Hari H sudah tiba, design panggung yang lumayan bagus untuk ukuran Kampung Tempe, dan sesuai permintaanku belakang panggung tertutup serta para pemain sudah berkumpul lengkap tanpa ada yang ketinggalan. Pertunjukan dengan tittle "Gebyar Malam Kemerdekaan" pun sukses digelar.

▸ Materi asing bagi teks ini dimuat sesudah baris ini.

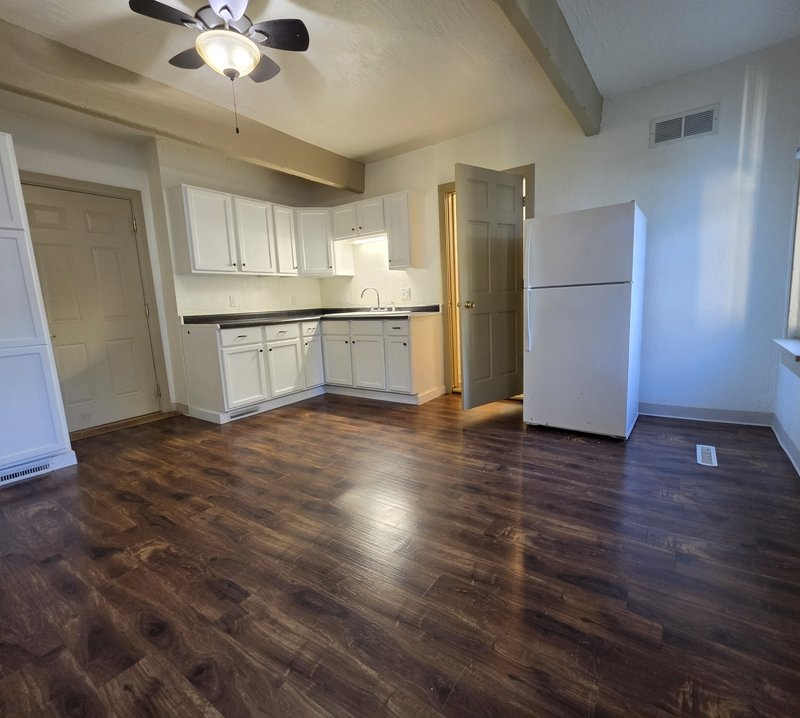 632 Bay Shore Drive - Lower property image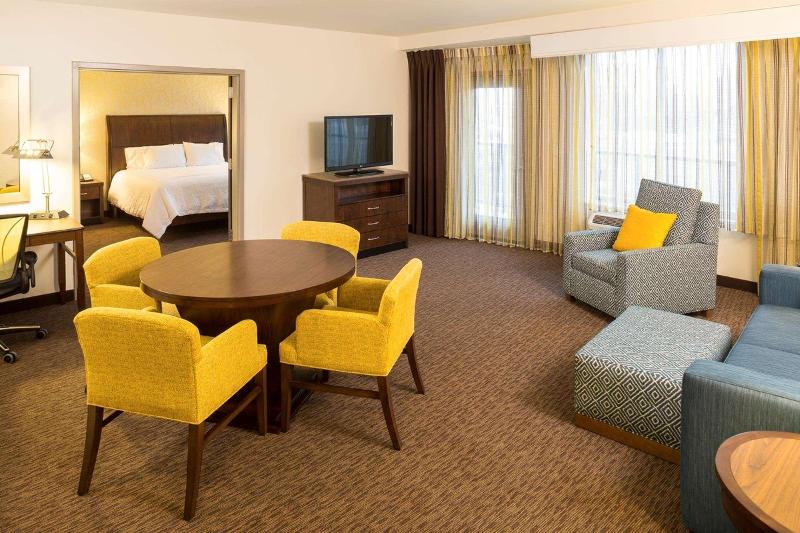 Люкс Кровать Кинг, Hilton Garden Inn Sioux Falls Downtown
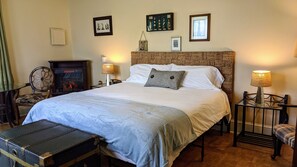 Chambre Deluxe, 1 très grand lit, bain à remous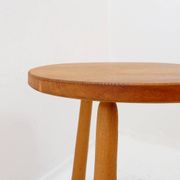 Table d'appoint vintage en bois massif avec pieds arrondis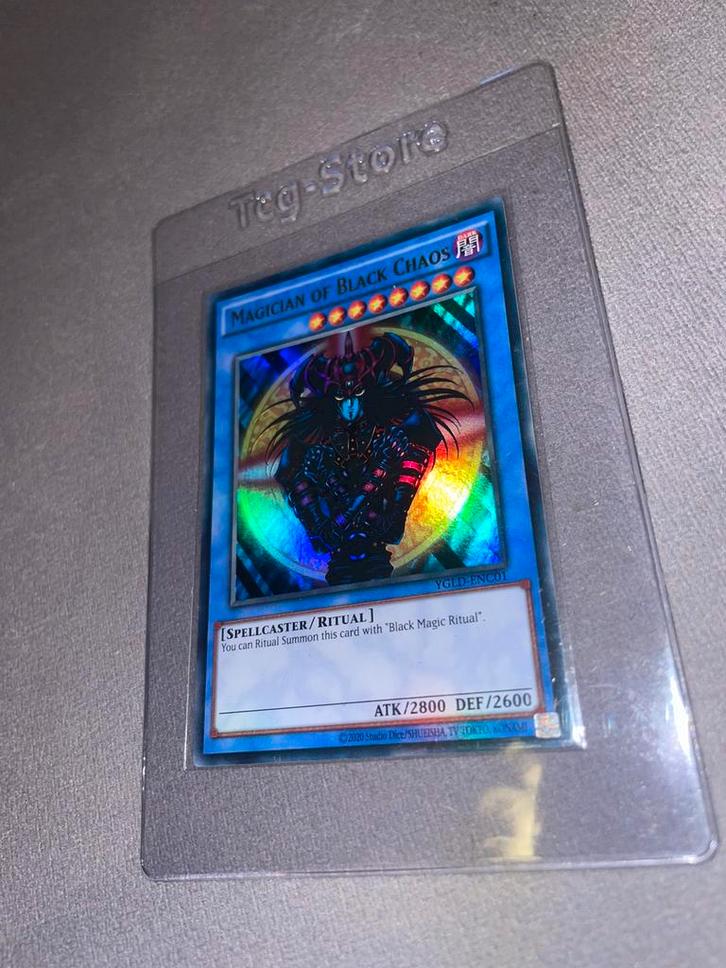 Magician of Black Chaos holo yugioh, Hobby en Vrije tijd, Verzamelkaartspellen | Yu-gi-Oh!, Zo goed als nieuw, Ophalen of Verzenden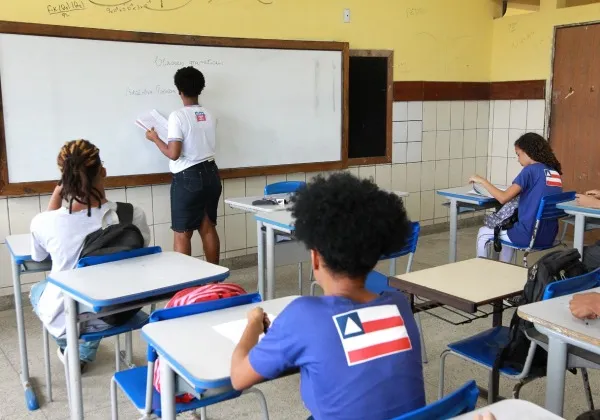 Pesquisa revela que 3 em cada 10 adolescentes se sentem tristes, aponta IBGE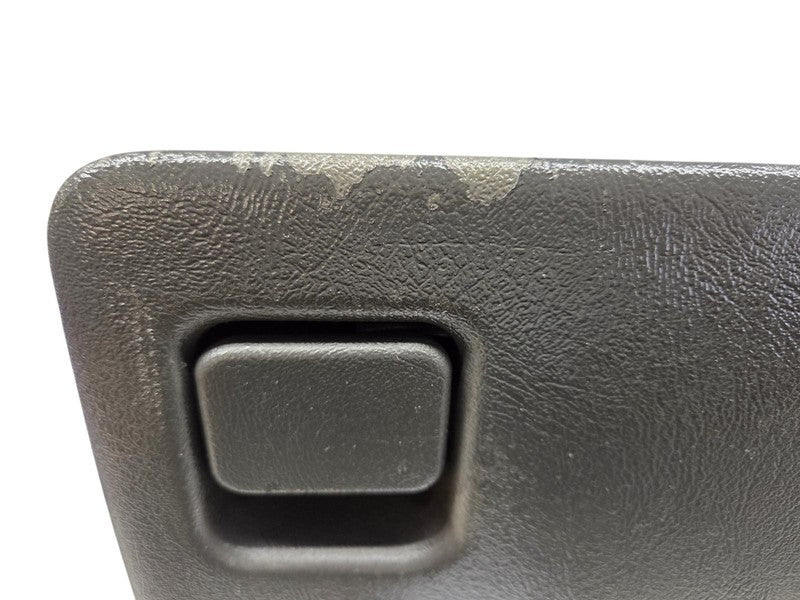 1999 - 2006 Chevrolet Silverado Tahoe Suburban Glove Box Door Assembly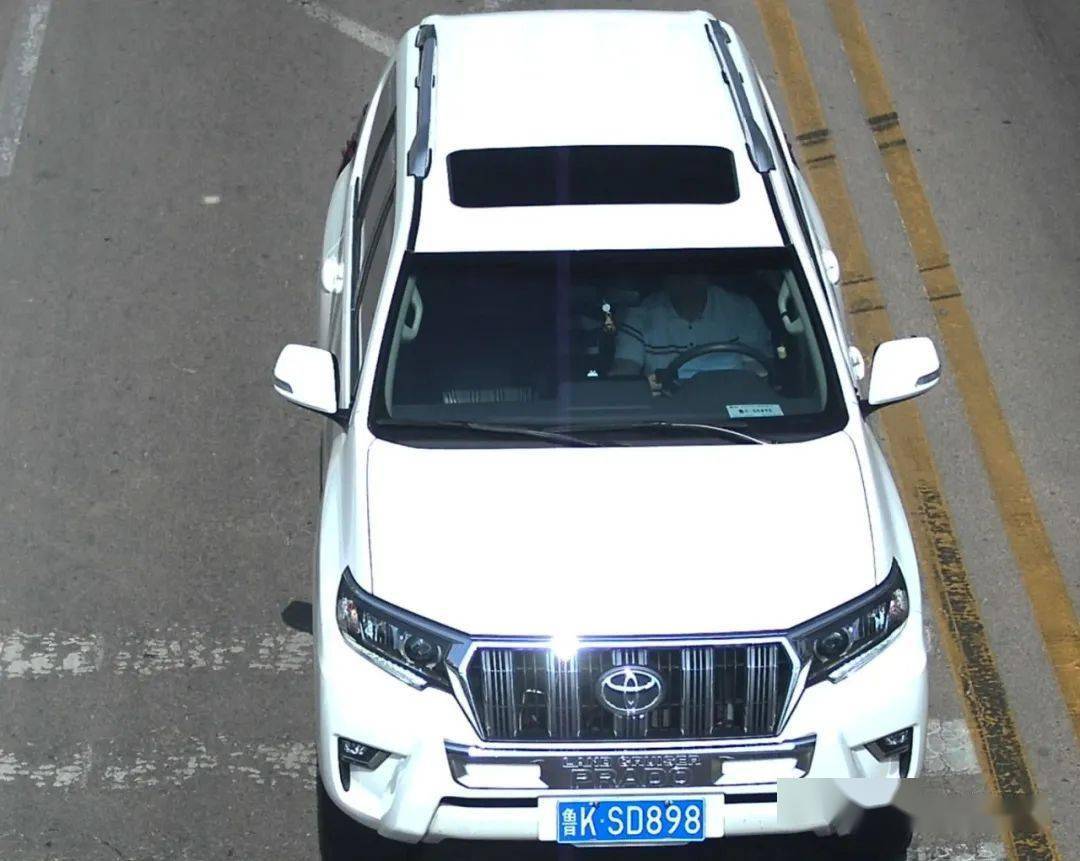 年5月28日违法地点:宁津街道办事处07违法曝光2车牌:鲁ku587t违法内容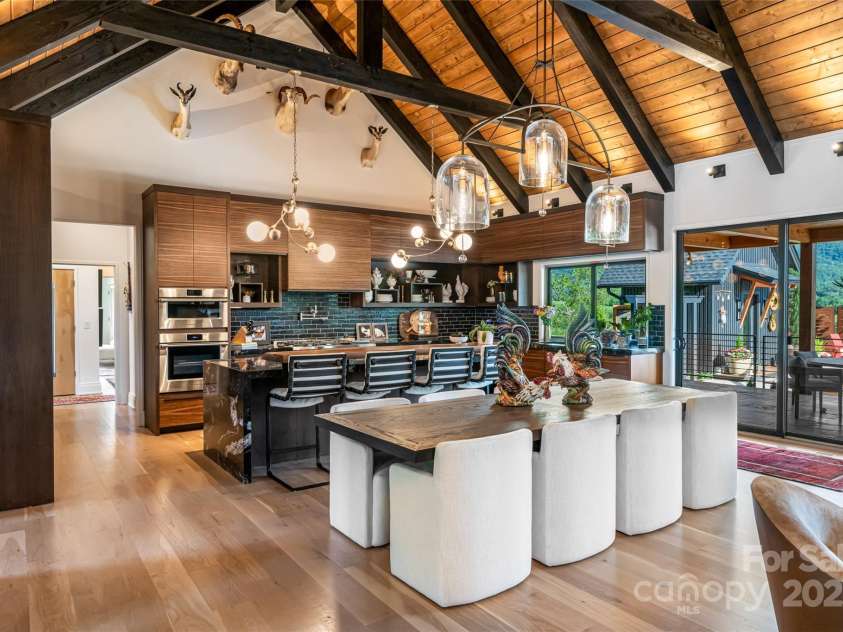 163 Annabelle Linn Drive, Fairview, NC 28730.  MLS# CAR4255897, YatesRealty ID 22895. 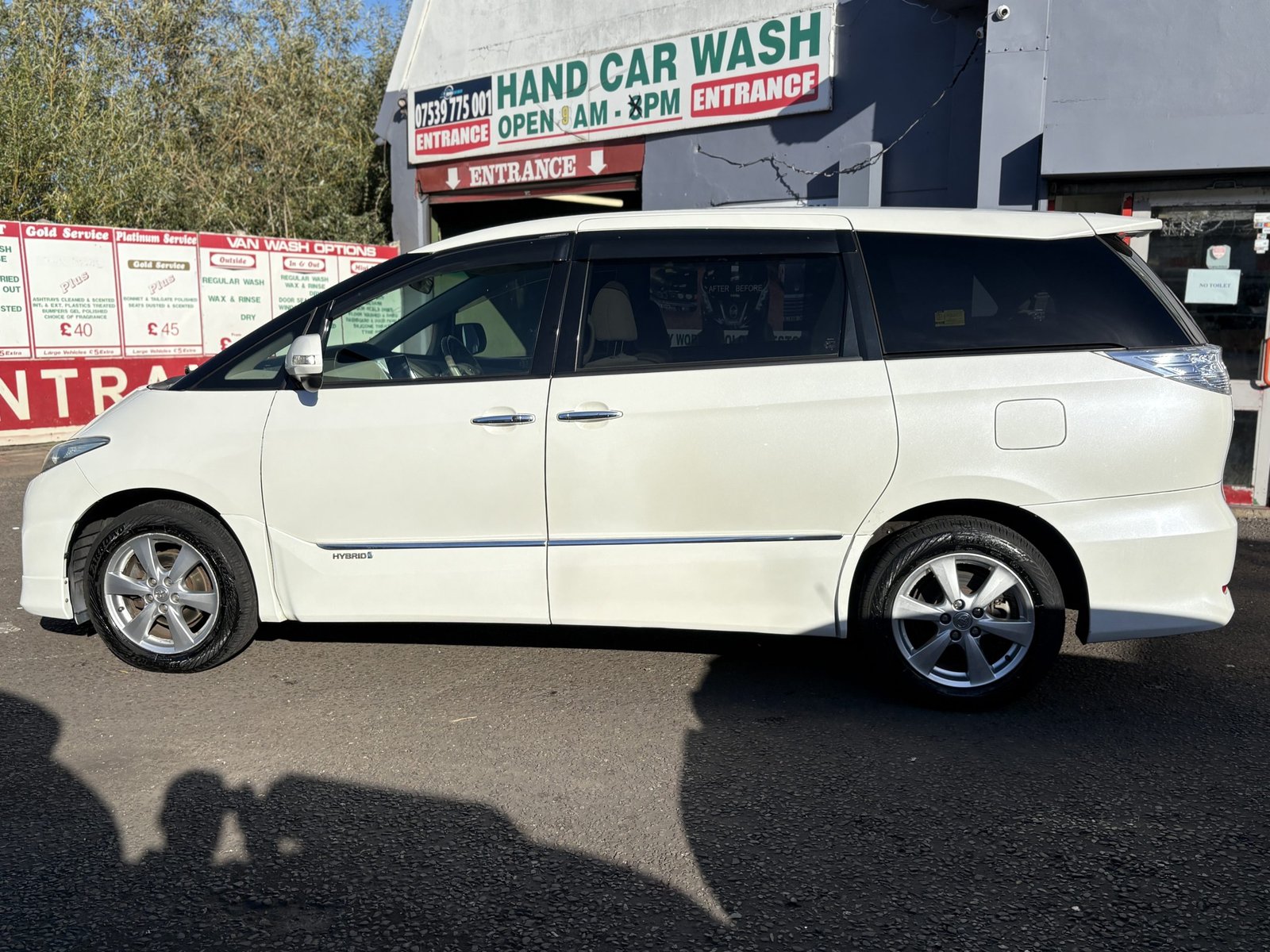 Toyota Estima - Image 5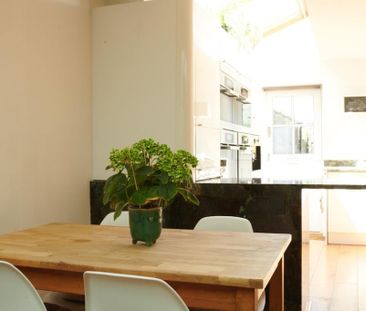 2 Bed Terraced House, Queens Road, SW14 - Photo 4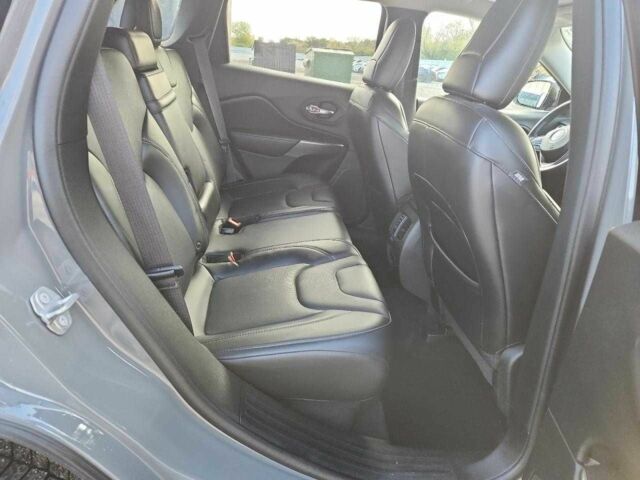 Джип Cherokee 2019 у Чернівцях на Automoto.ua Сірий Джип Cherokee, об'ємом двигуна 3.2 л та пробігом 73 тис. км за 2500 $, фото 9 на Automoto.ua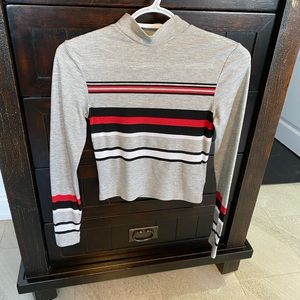 GREY STRIPED CROPPED LONG SLEEVE TURTLENECK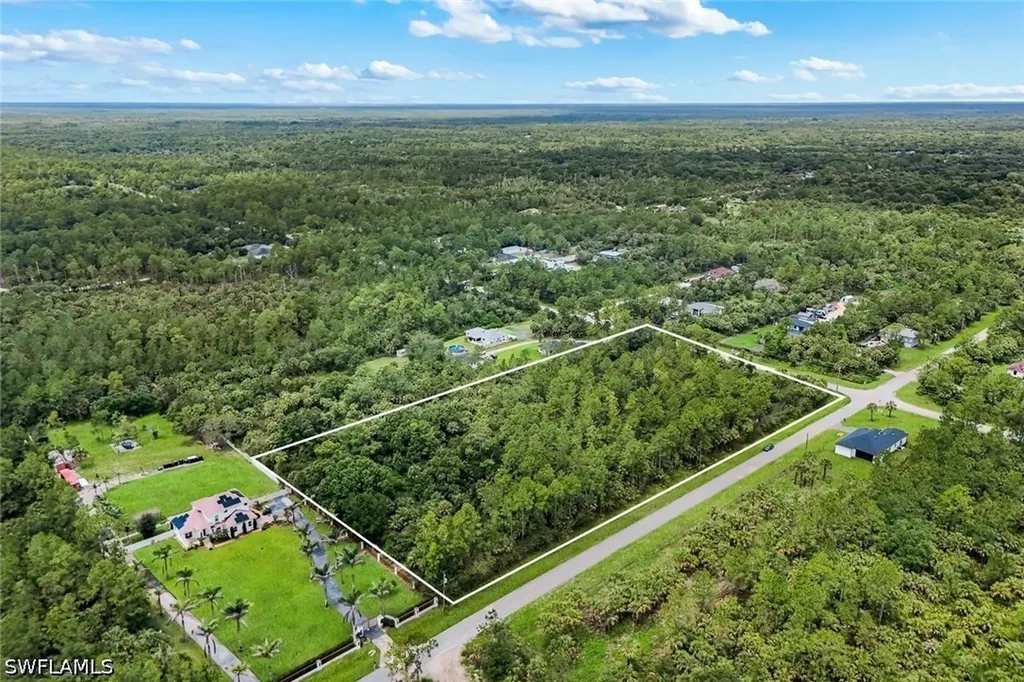 30TH Avenue SE Naples FL 34117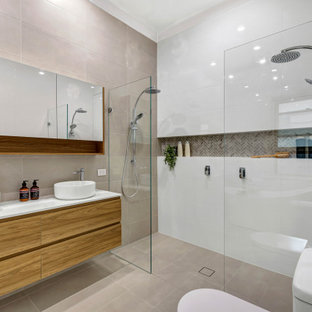 Idéer för ett modernt vit en-suite badrum, med släta luckor, skåp i mellenmörkt trä, en kantlös dusch, beige kakel, flerfärgad kakel, ett fristående handfat, bänkskiva i kvarts, beiget golv och med dusch som är öppen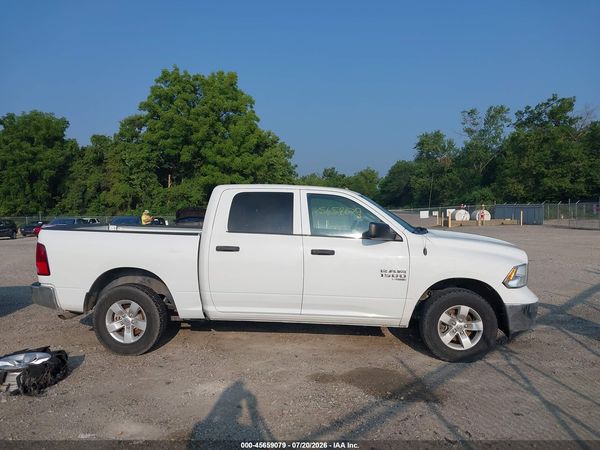 2022 RAM 1500 CLASSIC SLT  4X4 5'7 BOX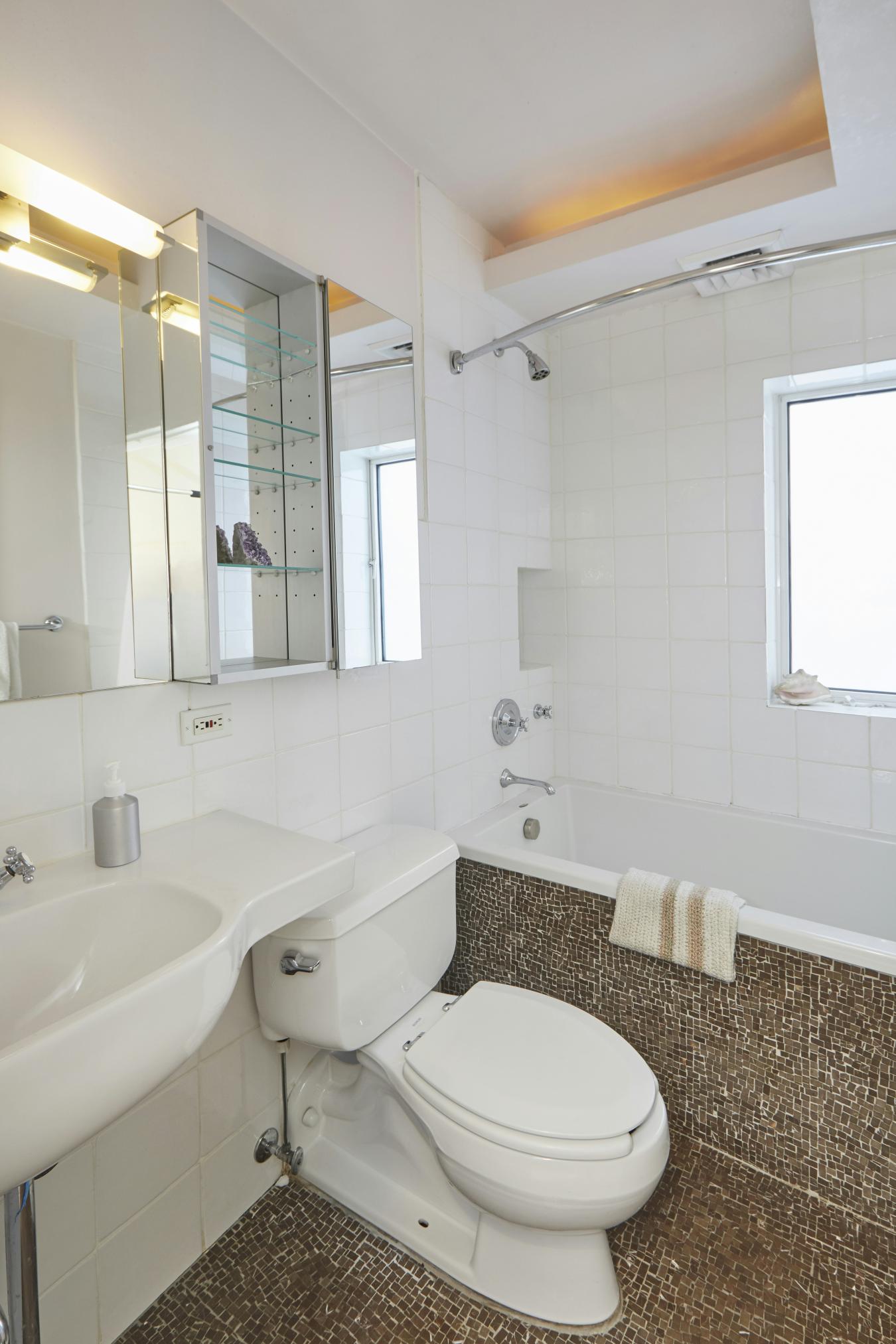Financial District, New York, 10038, United States, 2 Bedrooms Bedrooms, ,2 BathroomsBathrooms,Residential,For Sale,2049574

Esoknya aku bangun agak siang karena acara selesai pukul 2.00 dinihari, masih melek setengah pusing teman-teman sekampung termasuk aku dengar, " Tahun depan harus diadakan lagi lo Her.." kata mas Di dengan semangat. " Iyo Mas... " kata yang lain menimpali..... sambil mengusung meja kursi dan perlengkapan lain hasil pinjaman dari tetangga terdekat.

Aku hanya tersenyum, juga Wawan semua setuju bahwa muda-mudi kita ini senang kepada kebersamaan dan gotong royong. Mulai saat itu ada nuansa kerukunan muda-mudi juga orangtua warga Kampung Tempe.


Masjid adalah Proyek Selanjutnya

Sekembali-nya liburan kembali pada aktivitas kuliah yang tidak ada istimewanya bagi aku, dari hari kehari, bengkel, lab. Elektronika dan Laporan. Sebagai mahasiswa aku bukan termasuk aktivis kampus baik keagamaan, olahraga maupun yang lain, karena aku melihat aktivis kampus orangnya sok-sokan, gaya tok dan merasa paling wahh, sedangkan aku suka yang 'nge-slank' yang kala itu juga lagi membahana di kalangan kampus dan orang-orang muda.

Dari segi agama mulailah kembali belajar membaca Al Qur'an yang sudah sejak SMP dan SMA aku lupakan, jangankan membaca wong huruf-hurufnya juga sudah lupa, Astaghfirulloh.......

Aku tanya ke teman-teman kuliah tentang membaca Al Qur'an, akhirnya Beni teman kelas B yang memberi tahu aku, "Sekarang ada Iqro' Her ..kalo mau belajar bisa cepat" katanya.
Sampai juga bulan Romadlon, aku kira saat-saat paling religius dalam hidup manusia muslim dimanapun berada, termasuk aku.

Pas jumatan di Masjid Raden Patah ada pengumuman bahwa salah seorang pengurus MUI, KH Ali Yafei akan hadir memberikan ceramah setelah sholat Taraweh. Alhamdulillah kesampaian juga mengikuti ceramah yang sangat menarik dari Pak Kyai.
Mulai dari sholat yang bacaannya sangat bagus sampai akhirnya ceramah yang mantab isinya.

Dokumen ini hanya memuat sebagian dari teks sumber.